JustAnotherArchivist / snscrape

A social networking service scraper in Python
GNU General Public License v3.0
4.38k stars 702 forks source link

JSONDecodeError while using twitter scrapers #602

Closed mpeter50 closed 1 year ago

mpeter50 commented 1 year ago

For the last few days I get the following error every time I try to scrape a tweet (with twitter-tweet scraper) or a list of tweets for a user (with twitter-user scraper):

CRITICAL  snscrape._cli  Dumped stack and locals to /tmp/snscrape_locals_hvthsp6z
Traceback (most recent call last):
  File "/home/username/.local/bin/snscrape", line 8, in <module>
    sys.exit(main())
  File "/home/username/.local/lib/python3.9/site-packages/snscrape/_cli.py", line 308, in main
    for i, item in enumerate(scraper.get_items(), start = 1):
  File "/home/username/.local/lib/python3.9/site-packages/snscrape/modules/twitter.py", line 886, in get_items
    obj = self._get_api_data(f'https://twitter.com/i/api/2/timeline/conversation/{self._tweetId}.json', params)
  File "/home/username/.local/lib/python3.9/site-packages/snscrape/modules/twitter.py", line 338, in _get_api_data
    self._ensure_guest_token()
  File "/home/username/.local/lib/python3.9/site-packages/snscrape/modules/twitter.py", line 299, in _ensure_guest_token
    if self._guestTokenManager.token is None:
  File "/home/username/.local/lib/python3.9/site-packages/snscrape/modules/twitter.py", line 251, in token
    self._read()
  File "/home/username/.local/lib/python3.9/site-packages/snscrape/modules/twitter.py", line 238, in _read
    o = json.load(fp)
  File "/usr/local/lib/python3.9/json/__init__.py", line 293, in load
    return loads(fp.read(),
  File "/usr/local/lib/python3.9/json/__init__.py", line 346, in loads
    return _default_decoder.decode(s)
  File "/usr/local/lib/python3.9/json/decoder.py", line 337, in decode
    obj, end = self.raw_decode(s, idx=_w(s, 0).end())
  File "/usr/local/lib/python3.9/json/decoder.py", line 355, in raw_decode
    raise JSONDecodeError("Expecting value", s, err.value) from None
json.decoder.JSONDecodeError: Expecting value: line 1 column 1 (char 0)

Just a few days ago (~4) this was working fine, but since then it doesn't.
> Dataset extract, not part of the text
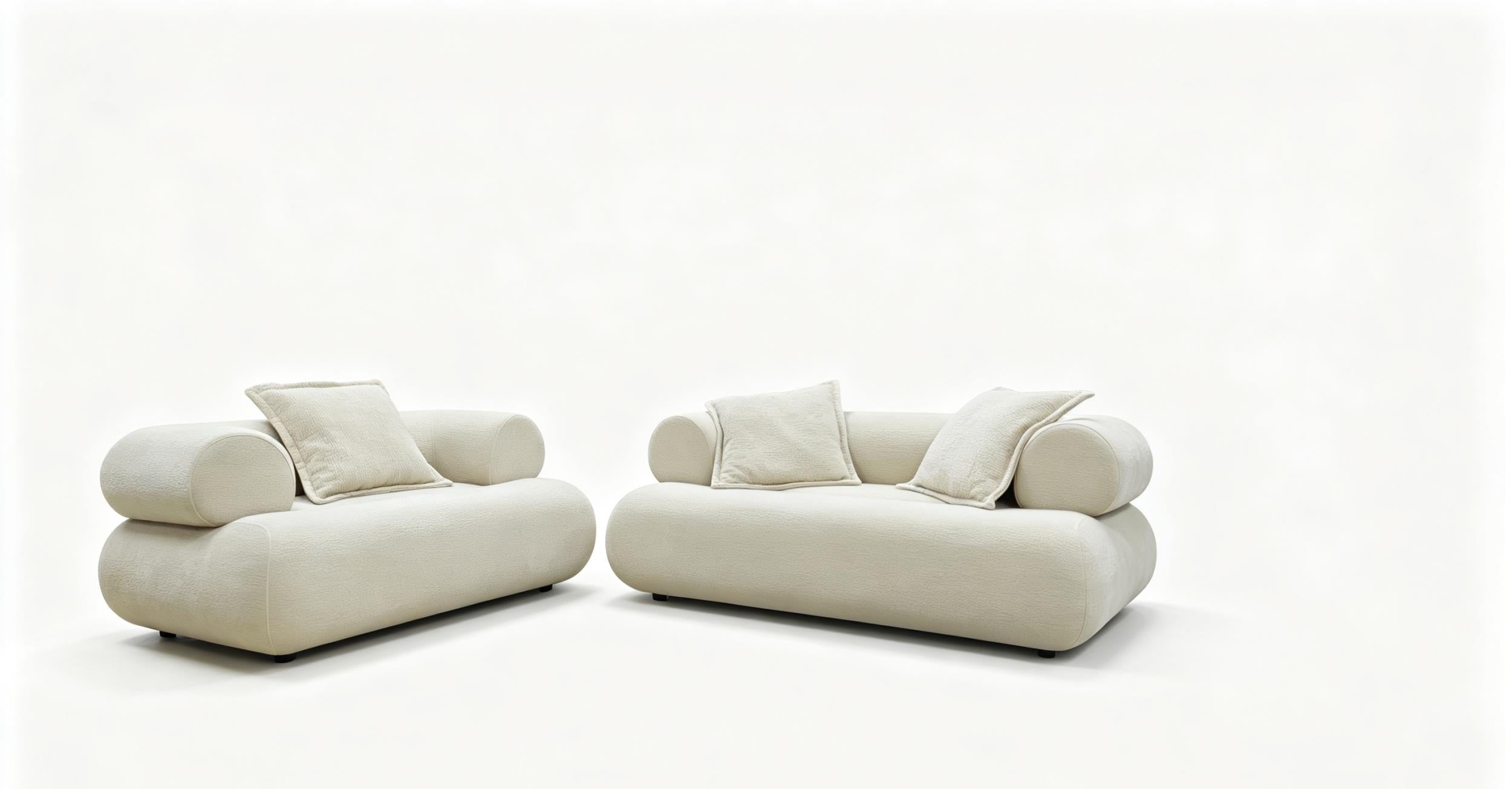 HP0426 Chair Ivory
I've searched the issues, and found those about the instagram and facebook scraper, where it was suggested that this is possibly because the user has been ratelimited. But at the same time, I'm able to view the profiles and tweets I try to scrape through twitter.com, even without logging in, so I'm not sure if thats the case now.
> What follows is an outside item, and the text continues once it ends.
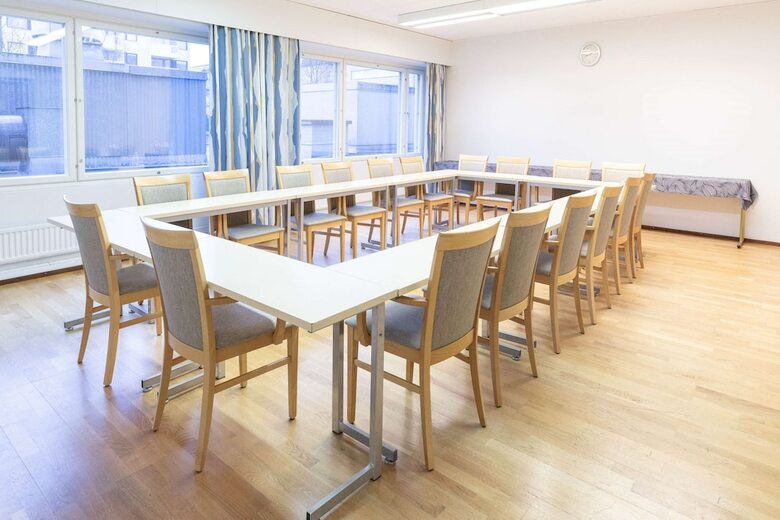 Hotel Cumulus H�meenlinna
Before submitting this issue, I checked if it works on an other machine (of the same network) where it also worked previously, but it still works there.

TheTechRobo commented 1 year ago

Could you provide the dump file?

mpeter50 commented 1 year ago

Sure! Here it is: https://gist.github.com/mpeter50/fa6109e32cc87b80df2a07d4ddc0013c The dump file (along with the above exception) was created while trying to scrape the list of tweets from a popular twitter account.
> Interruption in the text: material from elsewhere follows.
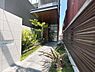 その他：マンションアプローチ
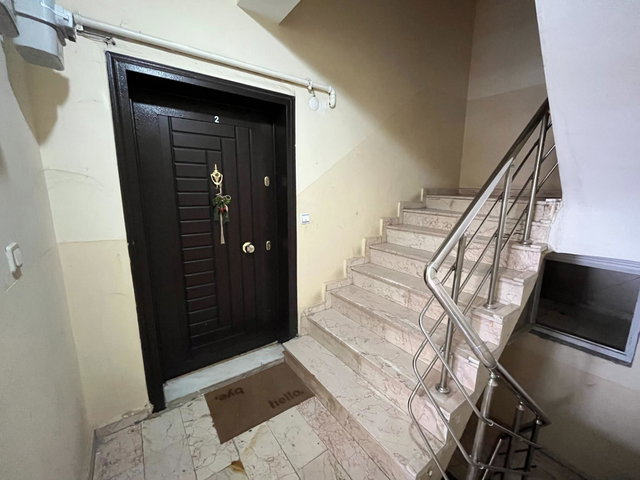 ÇANKAYA LİZBON CADDESİ ÜZERİ FUL YAPILI YÜKSEK GİRİŞ 2+1 SATILIK DAİRE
TheTechRobo commented 1 year ago

What is the output of snscrape --version ? This looks like a guest token disk thing to me, but the lines don't match up with the development version. Are you on the release version?

TheTechRobo commented 1 year ago

If it is a guest token disk failure, you're on an older version, as error handling was added 6 months ago (https://github.com/JustAnotherArchivist/snscrape/blame/46a603053cfbc0ce3c54d43d7e1ac2427fa82b4d/snscrape/modules/twitter.py#L569)

mpeter50 commented 1 year ago

The command says I have this version: snscrape 0.4.3.20220106

mpeter50 commented 1 year ago

According to the tags, this seems to be the latest one. I installed it with regular pip3 install snscrape.

Though what you just said made me want to ask this: is it supported to run multiple instances of snscrape at the same time?

JustAnotherArchivist commented 1 year ago

Yeah, this fix is currently only in the development version. I intend to make a new release soon. As a quick fix, you can delete the ~/.cache/snscrape/cli-twitter-guest-token.json file. Closing as a duplicate of #494.

Yes, running multiple instances is fine, although the current release version also has a crash bug you might see rarely (#414). In that case, just rerun the scrapes that crash like that.